- [WORK ITEM] Your output should be the lines below from the one with "You could examine" through the one with "Welcome to labnews.com", copied exactly, pictures excluded.

- [INFORMATION SHOWN]
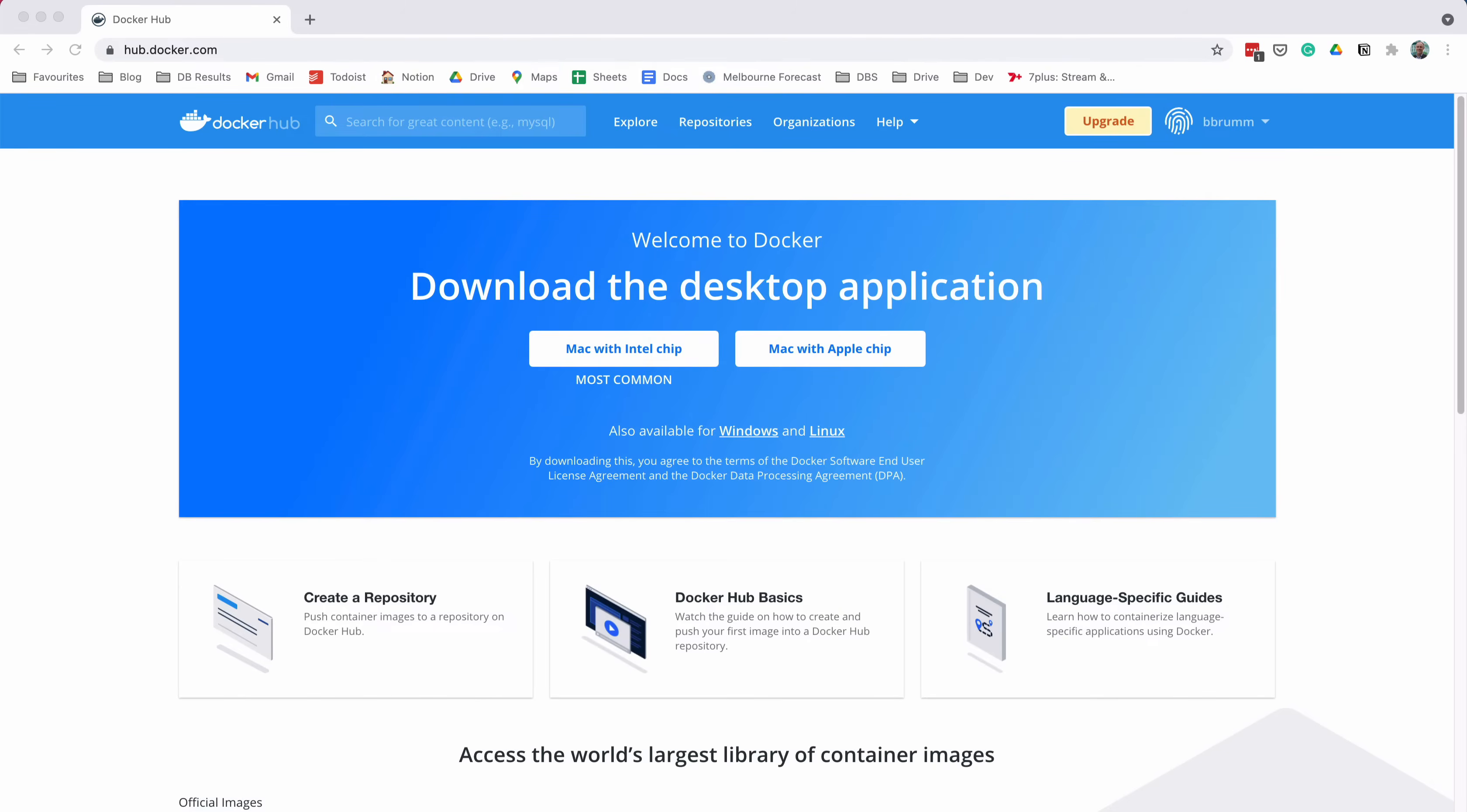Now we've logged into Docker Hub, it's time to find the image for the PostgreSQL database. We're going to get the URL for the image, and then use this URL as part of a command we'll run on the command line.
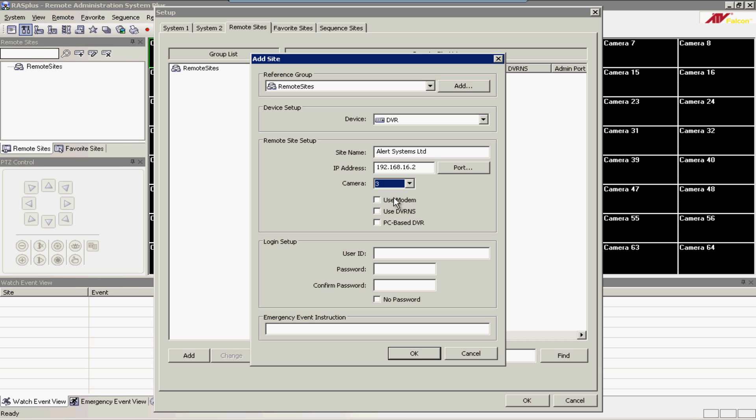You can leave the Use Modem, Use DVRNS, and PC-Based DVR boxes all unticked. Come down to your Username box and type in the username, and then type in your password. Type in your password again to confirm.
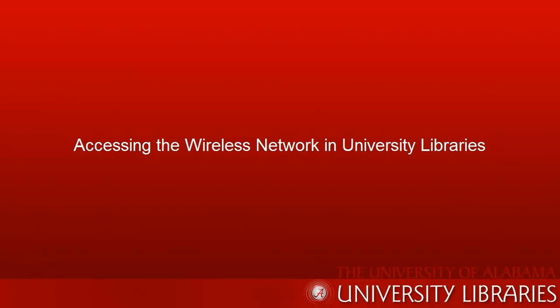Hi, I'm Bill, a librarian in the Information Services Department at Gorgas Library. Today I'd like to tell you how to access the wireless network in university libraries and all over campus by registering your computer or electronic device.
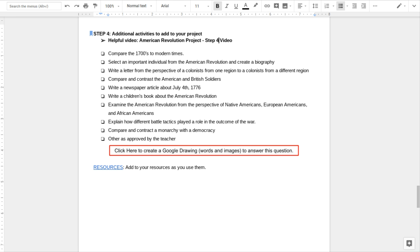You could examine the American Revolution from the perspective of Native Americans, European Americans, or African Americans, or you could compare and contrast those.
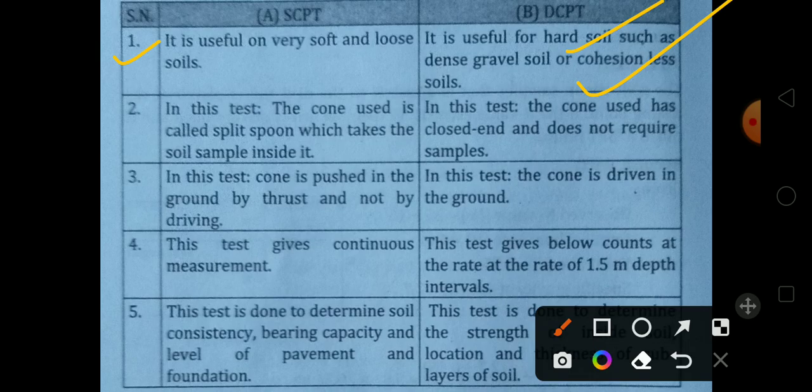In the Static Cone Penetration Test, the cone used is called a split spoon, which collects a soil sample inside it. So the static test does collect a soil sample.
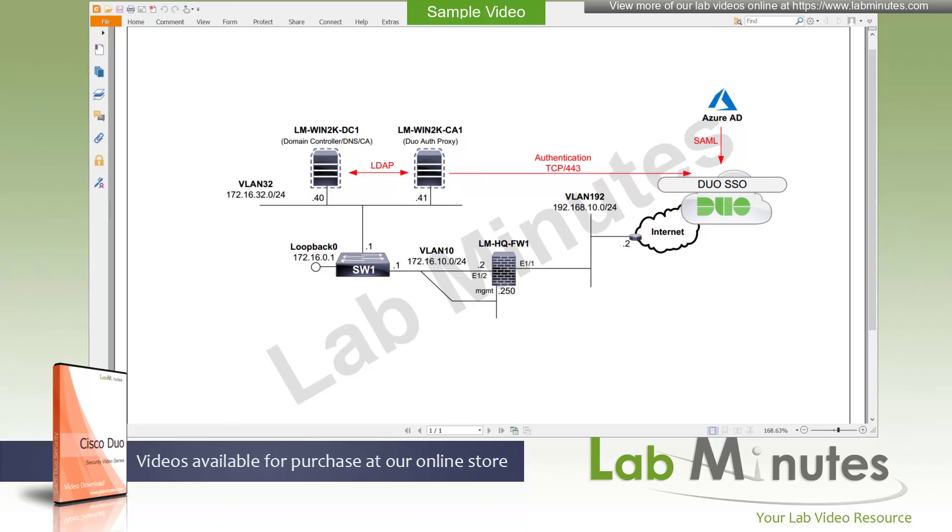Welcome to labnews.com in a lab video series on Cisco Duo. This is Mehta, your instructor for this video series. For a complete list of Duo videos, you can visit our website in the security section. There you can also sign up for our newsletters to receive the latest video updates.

--

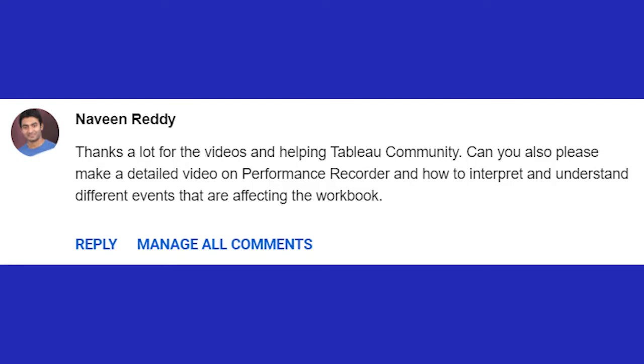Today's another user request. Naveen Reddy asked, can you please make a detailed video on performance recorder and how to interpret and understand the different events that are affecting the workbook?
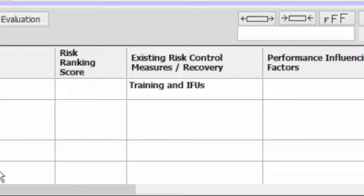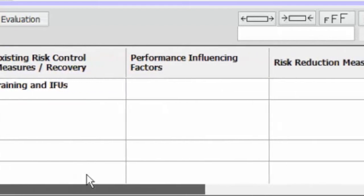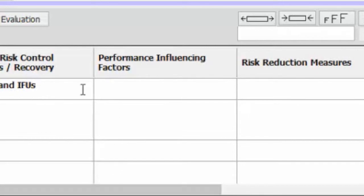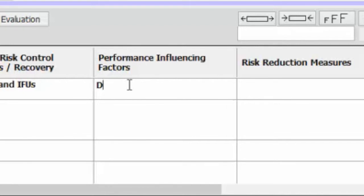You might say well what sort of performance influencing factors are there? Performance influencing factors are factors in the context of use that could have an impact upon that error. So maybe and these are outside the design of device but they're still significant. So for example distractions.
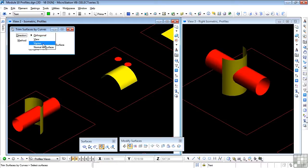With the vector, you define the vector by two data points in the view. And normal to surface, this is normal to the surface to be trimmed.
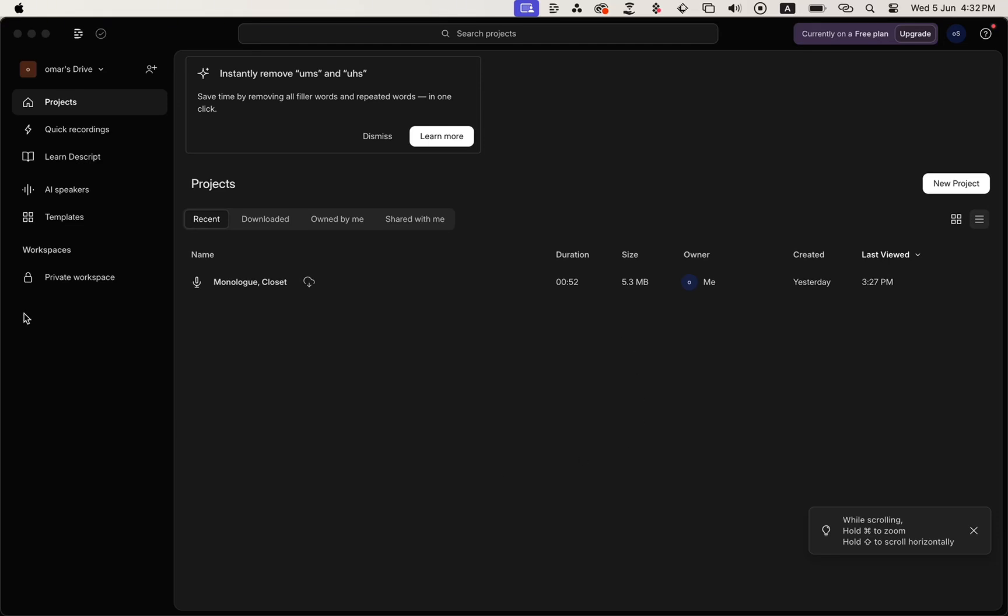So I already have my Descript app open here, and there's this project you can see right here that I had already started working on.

- [TASK SOLUTION]
You could examine the American Revolution from the perspective of Native Americans, European Americans, or African Americans, or you could compare and contrast those.
In the Static Cone Penetration Test, the cone used is called a split spoon, which collects a soil sample inside it. So the static test does collect a soil sample.
Welcome to labnews.com in a lab video series on Cisco Duo. This is Mehta, your instructor for this video series. For a complete list of Duo videos, you can visit our website in the security section. There you can also sign up for our newsletters to receive the latest video updates.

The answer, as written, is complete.